Most organizations realize the value of project core teams. However, the best way to structure and manage those teams is often the subject of debate. It is important to clearly define the roles and responsibilities of your project team from the beginning of the project to avoid falling into the trap of poorly resourced project teams, lack of representation from key business areas or low accountability. Fortunately, there is a right way to establish and get the most use out of your ERP implementation core teams.

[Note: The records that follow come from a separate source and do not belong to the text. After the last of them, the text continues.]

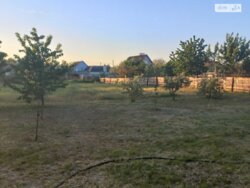 ���, 46 �. ��. �����������, ����� ��������� ���� 12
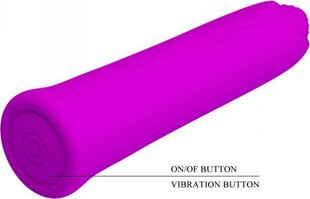 Lybaile Pretty Love Curtis Vibrator Purple цена и информация | Вибраторы | kaup24.ee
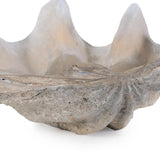 Large Vongole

Below are a few things to consider when assembling your ERP project core team:
Make the ERP implementation the team’s top priority. Many of our clients are mid-size organizations without people on the bench waiting for an ERP implementation to come along. The shaky global economy has made most organizations lean, which can make it even more difficult than normal to appropriately delegate resources for ERP success. In a perfect world, your ERP core team would be fully dedicated to the project, but that’s not a realistic scenario for most organizations. To mitigate this risk, the executive team needs to clearly define expectations and prioritize work so the ERP project comes first. Although the team’s day-to-day work isn’t likely to go away, it is possible to bring in extra support for these team members so they are able to make the project their top priority. Priority and focus are critical ERP success factors, so executives should ensure team members have the support and direction they need to succeed.
Clearly define roles, responsibilities and accountability measures. Understanding roles, responsibilities and accountability measures is often easier said than done for project teams. A good ERP project charter will define exactly how decisions are made, issues are resolved and activities are completed – including who is responsible for what. This covers everything from process definition and sign-off to testing and training to the multitude of other project activities required for a successful ERP implementation. This definition should also include clarity on the roles and responsibilities of your ERP consultants or any other third-party ERP expert called in to help. It is critical that each team member be assigned responsibilities that play to their strengths, experience level and bandwidth. Just as important as the core team’s responsibilities is the delineation of what they should not be doing and what the executive steering committee should be responsible for instead.
Don’t view the core team as a substitute for an executive steering committee. In several of our expert witness engagements, we have seen steering committees completely delegate the project to their core team. While there is merit to delegating certain day-to-day activities, some activities should not be delegated. For example, final sign-off on how business processes are going to look in the new ERP system or key decisions on the organization’s operational model are decisions that should be driven by the executive ranks rather than ERP project team members. This governance mechanism is critical to not only get the work done but even more importantly, to provide the executive buy-in and leadership required for a successful implementation.
These three tips are a good starting point for getting your ERP implementation project team on the right track. Your organization will be in a much better position to manage a successful ERP implementation and mitigate the many risks associated with ERP projects.